Mirjam Sophia Glessmer

Currently reading Loughlin (2025) on “Building higher education: the tension between espoused educational values and physical infrastructure”

Why is it that even though most people agree (and most university policies state) that active student engagement is desirable, there are still large lecture theatres being built? Loughlin (2025) explores the “theory of action”, which distinguishes between what people or organisations say they do (for example in mission statements or policies; “espoused theory”) and what they actually do (not explicitly stated, but deduced from their actions; “theory-in-use”).

What I find especially interesting is how conflicts between what the organisation does and what they claimed to value can lead to defensive routines that make it impossible to discuss certain topics. This can lead to “doom loops”, where mistakes get repeated over and over again, since nobody can talk about them so nobody can learn from them, either.
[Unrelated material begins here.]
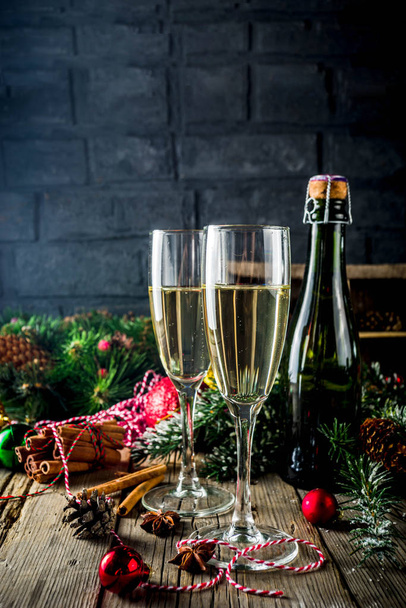 Two glasses of champagne with Christmas decoration on wooden background, Happy New Year and Xmas Celebration. Copy space - Foto, Imagem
Loughlin (2025) interviewed decision makers at 16 different UK universities and looked through policy documents, and it became clear that building lecture theatres was not aligned with the values the universities claimed to hold. Loughlin (2025) found three main themes in this conflict:

  • post-pandemic and the creation of the sticky campus“: With an observed decline in student attendance after the pandemic, universities want to make it attractive again to physically be on campus. This is important for financial reasons (the fear that students would not enrol if they don’t get a vibrant student life) but also for social learning (but interestingly, there is little discussion of making learning experiences themselves more engaging)
  • the administrative tail wagging the pedagogic dog“: Here, considerations of being able to use spaces also as concert/graduation halls, and being able to deal with future larger student cohorts while avoiding double teaching, but again, with little consideration of the actual learning experience
  • pedagogy, pragmatism, and the student experience“: Again, it seems important to have students meet in person, but there isn’t a lot of thought about what is actually happening when they meet and how it contributes to their learning

In the discussion, Loughlin (2025) write Most HEIs espoused theories of education and their theories-in-use do not match. They cannot publicly discuss the educational and logistical issues associated with large-class lectures, because then they would have to acknowledge their existence, explain the paradox, and defend their inclusion in the curriculum. Large-class lectures then become undiscussable, and to a large extent hidden. […] some innovative and research informed practice takes place, but very much more transmissive teacher-centred practice is undocumented and invisible.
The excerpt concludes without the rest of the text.